(Supplied material)

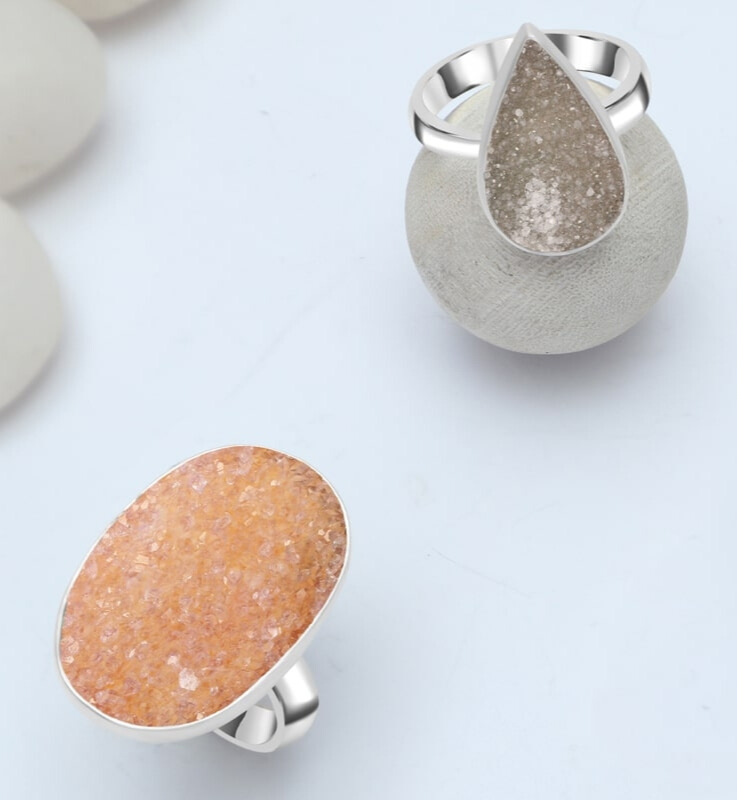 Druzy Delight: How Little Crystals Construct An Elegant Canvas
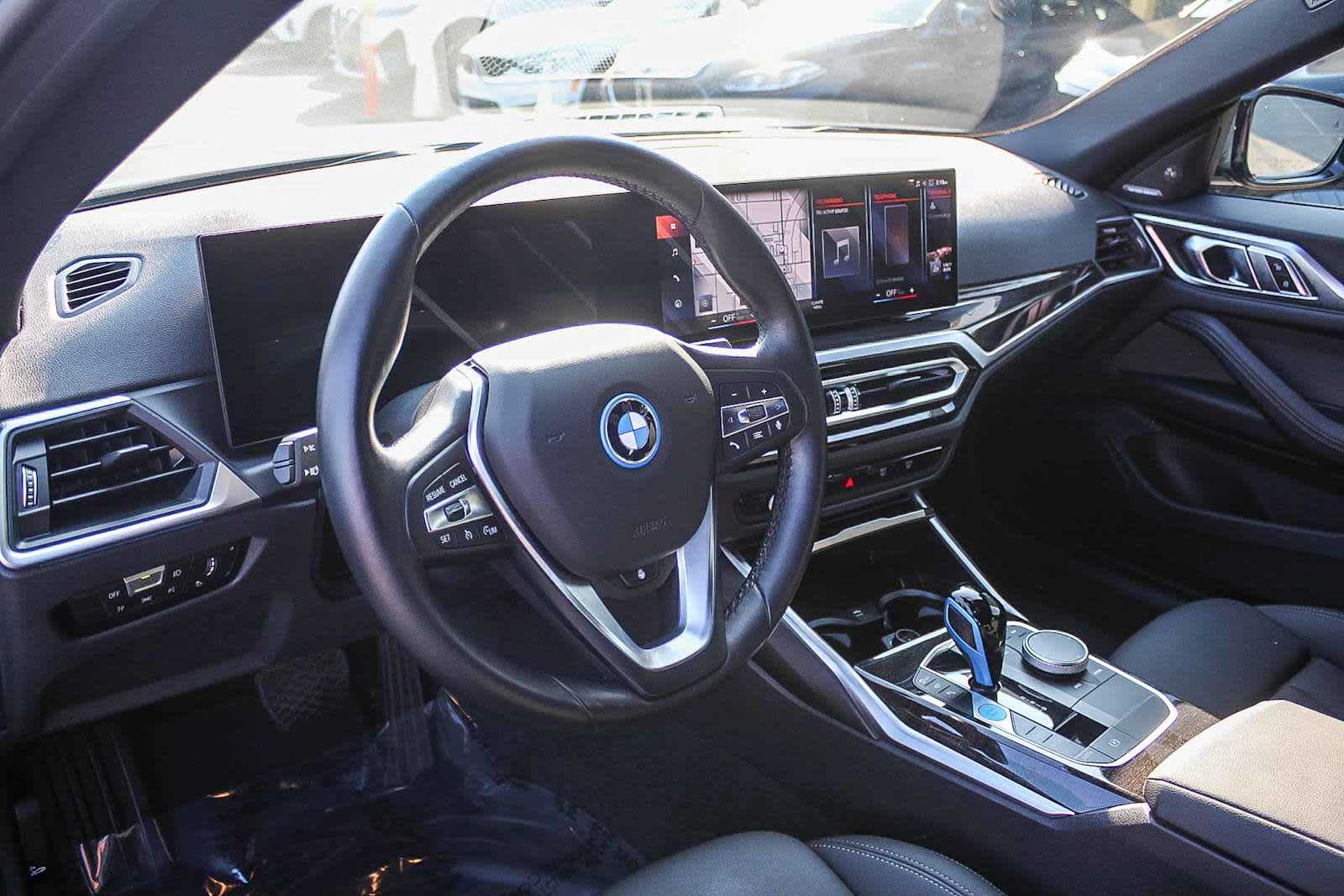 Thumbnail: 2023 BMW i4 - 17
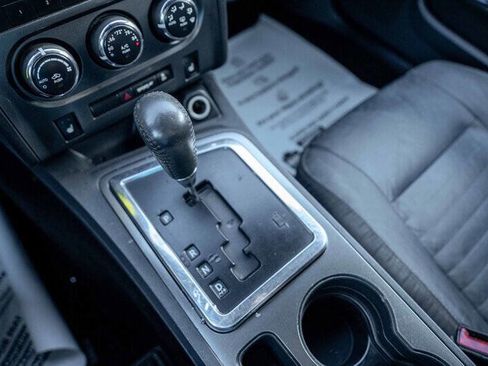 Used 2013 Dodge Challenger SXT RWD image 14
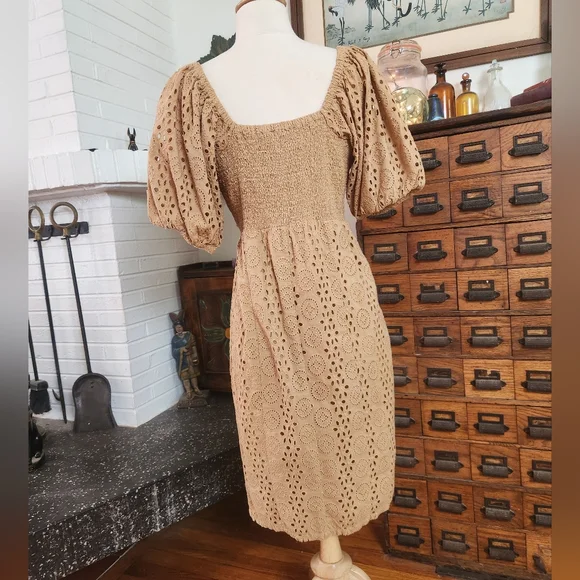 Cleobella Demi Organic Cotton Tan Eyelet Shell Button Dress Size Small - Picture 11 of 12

(End Supplied material)

Please print the listing above again word for word, without its pictures.

▶ [Answer section]
 Druzy Delight: How Little Crystals Construct An Elegant Canvas
 Thumbnail: 2023 BMW i4 - 17
 Used 2013 Dodge Challenger SXT RWD image 14
 Cleobella Demi Organic Cotton Tan Eyelet Shell Button Dress Size Small - Picture 11 of 12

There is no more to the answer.